Testing the ability for critical thought
One of the types of interview I most enjoyed giving at Google was the design interview. This interview is meant to test the ability of the candidate to break down a large problem and tackle part of it. It’s one of the biggest differentiators between hiring someone at the more senior levels (from Staff upwards). Part of the reason for this is that it gives the interviewer to test the candidate for their ability to critically think about something. In my opinion, this is a skill that our education system does not do a good job cultivating. For the interviewer it’s also the opportunity to learn something as it’s impossible to be expert in all the elements which might crop up in the discussion — the candidate is likely to surface things which will improve your understanding as well.
As it’s well known that this is a Google question (so I’m not giving away any secrets), I’m going to use my favourite question as an example for how this may play out. I’ll preface this by saying this is a discussion of the factors around tackling the question rather than necessarily how it is implemented or should be implemented. The question is: design Google Suggest. Google Suggest (also called auto-complete) is the list of search suggestions you get when you are typing a query into Google search (see below)
If the candidate has never come across the functionality before I might demonstrate it or talk them through it. The question is — how would they go about building it? Below are things that are worth discussing as part of this.
Here’s where most software engineers go wrong. You know some algorithms or datastructures and you immediately attempt to map one to the problem. Looking at the example above you might think a trie (or prefix tree) is the way to go here. Now you have your solution you are trapped trying to fit all future requirements into something onto it. At this point expect to be asked something like “can we fit that in memory?” or “how do you generate your trie?”. Untangling the data after you’ve decided on a design is not a good way to go about designing systems at scale.

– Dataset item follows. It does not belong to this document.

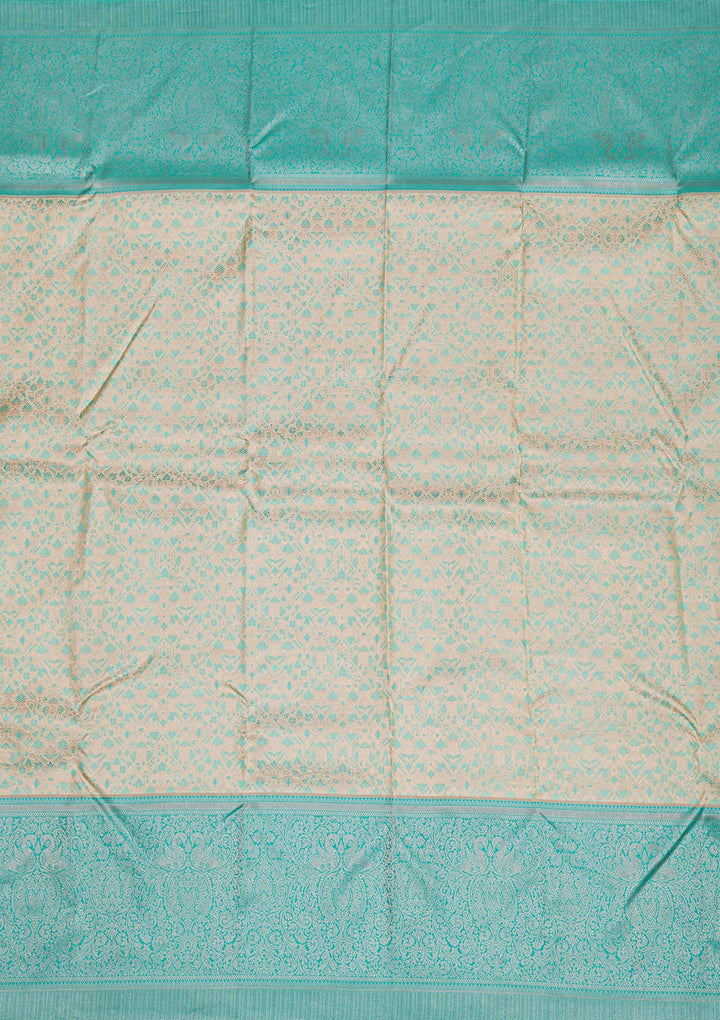 Cream Silver Zariwork Pure Silk Saree-Koskii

Instead — the candidates you really want to hire want to explore the problem space some more. This means understanding what’s happening and getting data to understand what might or might not be possible.
First of all — a valid question is: why should we build this? What problem are we trying to solve and how would be verify that it’s solving this problem. This is going to result in more requests coming into Google. Possibly a lot more. So it needs to be worth our time to build it. Building a complex system when you don’t know what problem you’re solving isn’t smart. Senior engineers can do a passable impression of thinking like a product manager. The cheapest time to fail is before we’ve started coding or designing.

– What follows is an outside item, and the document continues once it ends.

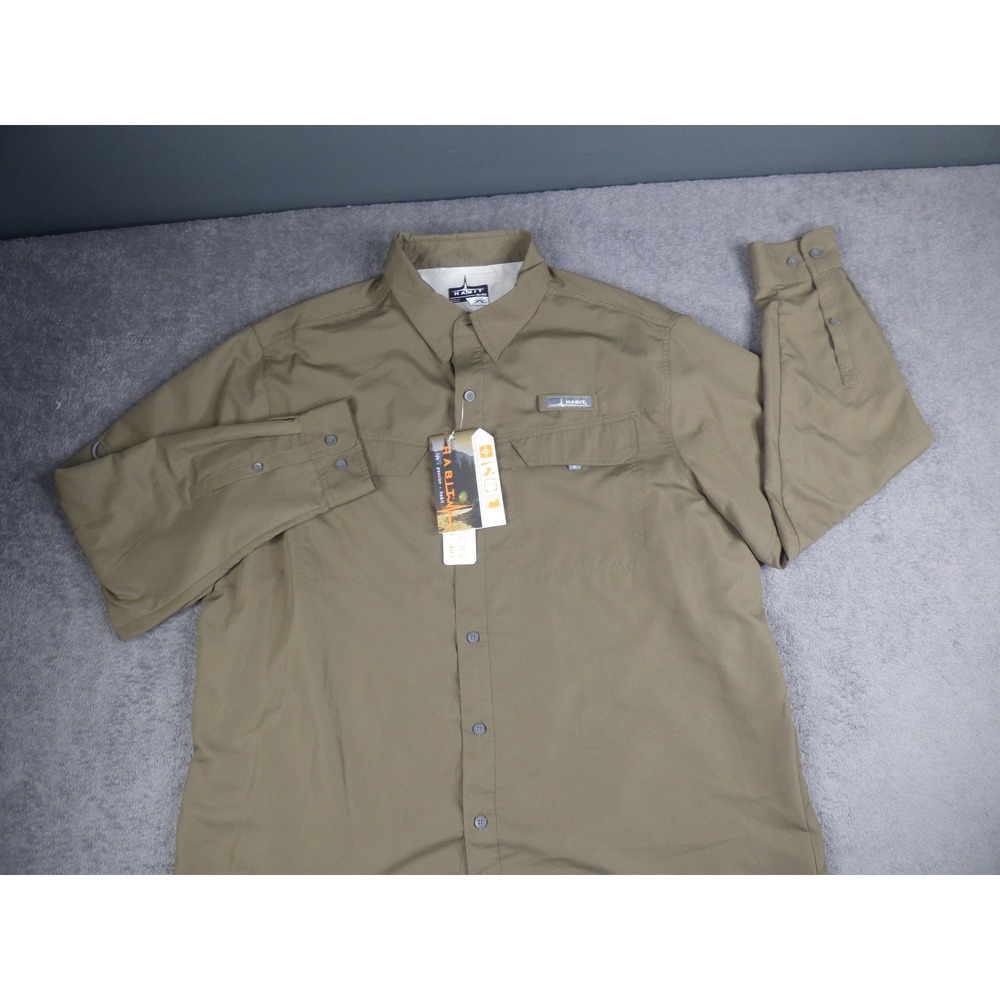 Habit Outdoors Mens XL Fishing Shirt Long Sleeve UPF 40+ Crocodile Green TS1156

Second of all — attaching anything to Google search should be ringing alarm bells. Google serves a lot of search queries. I would expect a sane candidate to ask how many queries at this point as this will materially impact aspects of their design. If asked I would give a figure of 10 billion (it’s not the real number but big enough to break most trivial implementations). Having a data point is a thread to pull at to validate what you’re doing. Criticial thinking is about data.
Next it might be handy to sketch out of the components in play here. This will help you consider the interfaces between components. The good thing is at the beginning there are only 3 you care about. The client interface, the network, and the server at the other end. A good discussion at this point is around the fact we probably don’t want to send one request across the network for every keypress. People type at different speeds (trying to pair program with someone who can’t touch type is agonising — or watching my dad type a single word feels like the moments of my life are evaporating in front of me). The turnaround time for a query is going to be important here too — there’s no point doing auto complete if it takes 10 seconds to get a response back. This gives the candidate the first opportunity of demonstrating that most essential of critical thinking skills — the back of the envelope calculation.
An accomplished touch typist might be able to hit 80 words per minute. Assume 6 characters per word and you’ve got 8 per second (if you ignore punctuation). That means that to keep up with an accomplished typist your round trip time is going to need to be 125ms including time to process the request at the backend. For anyone who has built internet systems this is already feeling unlikely. Compare this with a not accomplished typist doing maybe 30 or 40 keypresses per minute. The functionality might be more useful for them so you would be happy sending one per keypress.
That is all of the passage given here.